• _Given data_:
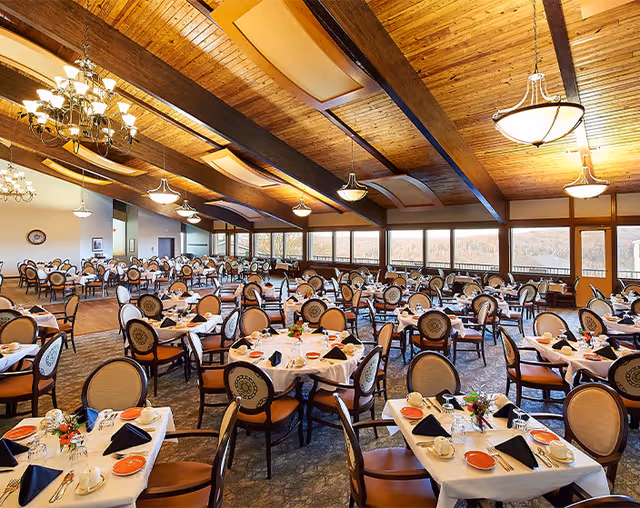 Large dining room with many round tables neatly set beneath a wooden beamed ceiling and a wall of windows.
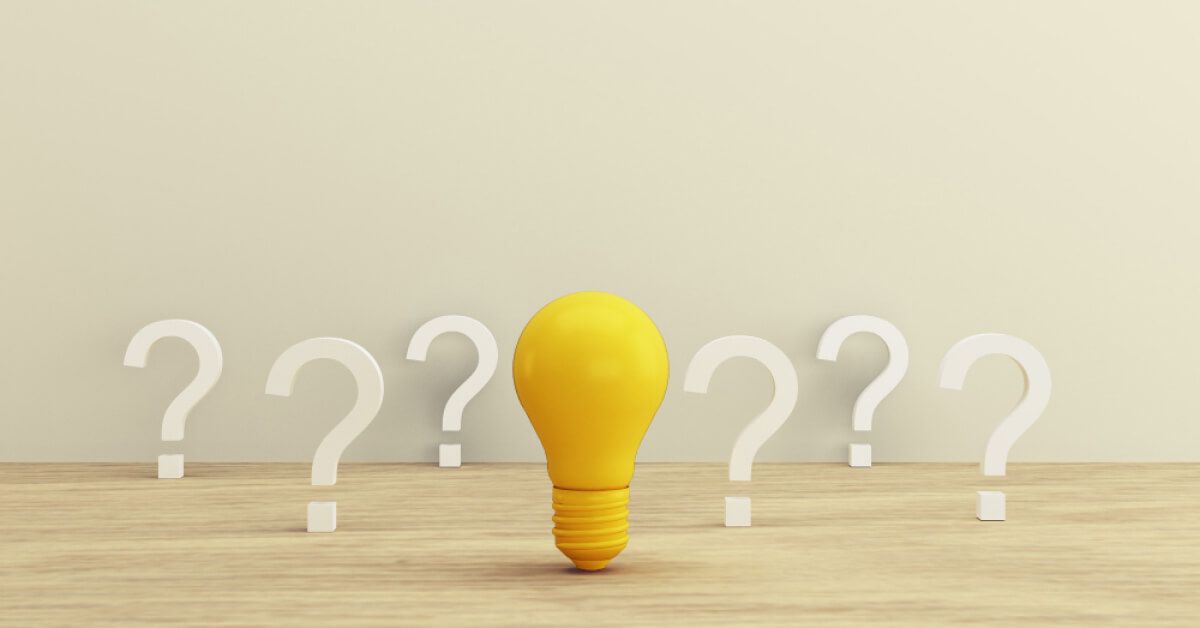 Yellow bulb surrounded by question marks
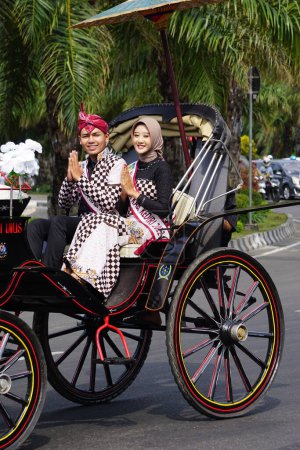 Photo pour Inu kirana (ambassadeur du tourisme de Kediri) sur la calèche à cheval pour célébrer la fête indonésienne de l'indépendance à Xoang lima gumul kediri - image libre de droit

• _Your assignment_: Retype the line containing "Yellow bulb surrounded by question marks" and all lines after it through the end of the material, exactly and only those, leaving out pictures.

• _Exercise result_:
 Yellow bulb surrounded by question marks
 Photo pour Inu kirana (ambassadeur du tourisme de Kediri) sur la calèche à cheval pour célébrer la fête indonésienne de l'indépendance à Xoang lima gumul kediri - image libre de droit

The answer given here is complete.